Texas Christian University Anne Burnett Marion School of Medicine
- Former names: TCU and UNTHSC School of Medicine (2015–2021), TCU School of Medicine (2021-2022)
- Type: Private medical school
- Established: 2019
- Parent institution: Texas Christian University
- Affiliations: Baylor Scott & White Health Texas Health Resources Cook Children's John Peter Smith Hospital
- Dean: Stuart Flynn, MD
- Location: Fort Worth, Texas
- Campus: Urban;
- Website: https://mdschool.tcu.edu/

= Burnett School of Medicine =

Medical school of Texas Christian University

The Anne Burnett Marion School of Medicine at Texas Christian University, or Burnett School of Medicine at TCU for short (formerly TCU and UNTHSC School of Medicine), is the graduate medical school of Texas Christian University (TCU) located in Fort Worth, Texas. The school welcomed its first class of 60 students in July 2019. It is the sole M.D.-granting institution in Texas that does not use the TMDSAS application system, and instead uses the nation-wide AMCAS system.

== History ==
In July 2015, TCU and the University of North Texas Health Science Center at Fort Worth (UNTHSC) announced their plans to jointly open an allopathic medical school in Fort Worth. The school received preliminary accreditation from the Liaison Committee on Medical Education in October 2018 and welcomed its first class of 60 students in July 2019. TCU maintained accreditation as the degree-granting institution, with faculty and staff employed by the university, while under joint operation and governance with UNTHSC on the university's campus. For the 2020–2021 application cycle there were 8,190 applications for 60 seats.

On January 12, 2022, TCU and UNTHSC announced the end of their joint partnership, with TCU solely responsible for the operation and governance of the renamed TCU School of Medicine. UNTHSC will continue to operate the separate Texas College of Osteopathic Medicine on their Fort Worth campus.

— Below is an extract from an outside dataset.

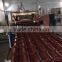 house bamboo roofing tiles extrusion machine line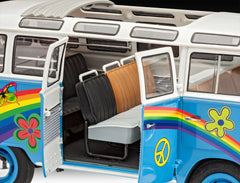 VW T1 Samba Bus "Flower Power"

On July 22, 2022, Texas Christian University announced that the TCU School of Medicine be named the Anne Burnett Marion School of Medicine in honor of the late Anne Burnett Marion’s lifetime of friendship and support and her extraordinary generosity to the TCU School of Medicine. The estate of the late Anne Burnett Marion and The Burnett Foundation, a charitable foundation based in Fort Worth, have made a second $25 million gift to The Anne W. Marion Endowment in support of the TCU School of Medicine operations in perpetuity.

== Teaching Facilities ==
The school's primary education and research facilities were located on the 33-acre UNTHSC campus in the Fort Worth Cultural District, located 3 miles north of the TCU campus, during the joint name time period.

In February of 2022, TCU announced it had acquired land in the medical innovation district of Fort Worth's Near Southside neighborhood, with plans to complete a new 4-story, approximately 100,000 square foot full medical school campus in 2024.

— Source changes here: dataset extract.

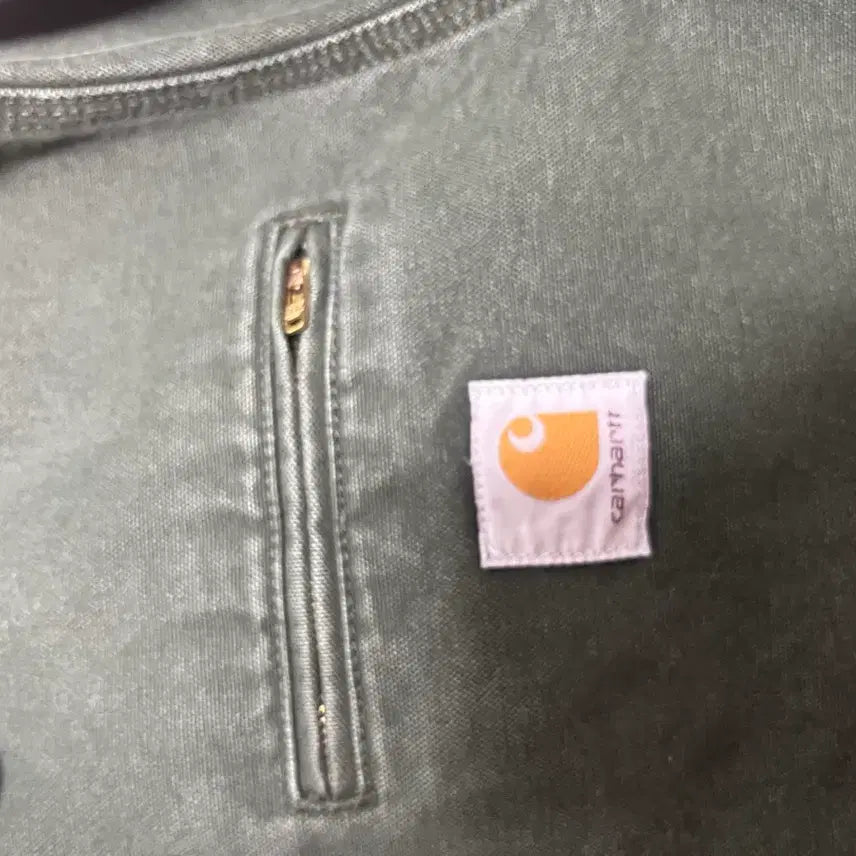 [BUNJANG] Carhartt WIP OG Detroit Jacket Olive S / 새상품) 칼하트 wip og 디트로이트 자켓 올리브 s사이즈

On September 24, 2024, the Burnett School of Medicine at TCU held a dedication for their new medical education building, named Arnold Hall in The Medical Innovation District in Fort Worth. The building was named to honor Ashley and Greg Arnold of Dallas, Texas who made a major gift to establish The Ashley and Greg Arnold Endowment to provide perpetual support for annual operations of the Burnett School of Medicine. The 95,000 square foot building is on a 5.3-acre lot featuring four floors for students, staff and faculty.

The TCU School of Medicine has clinical partnerships with Baylor Scott & White All Saints Medical Center, Baylor Scott & White – Grapevine, Baylor Surgical Hospital at Fort Worth, Cook Children's Health Care System, JPS Health Network, Texas Health Harris Methodist Hospital Alliance Texas Health Fort Worth, and Texas Health Harris Methodist Hospital Southwest Fort Worth.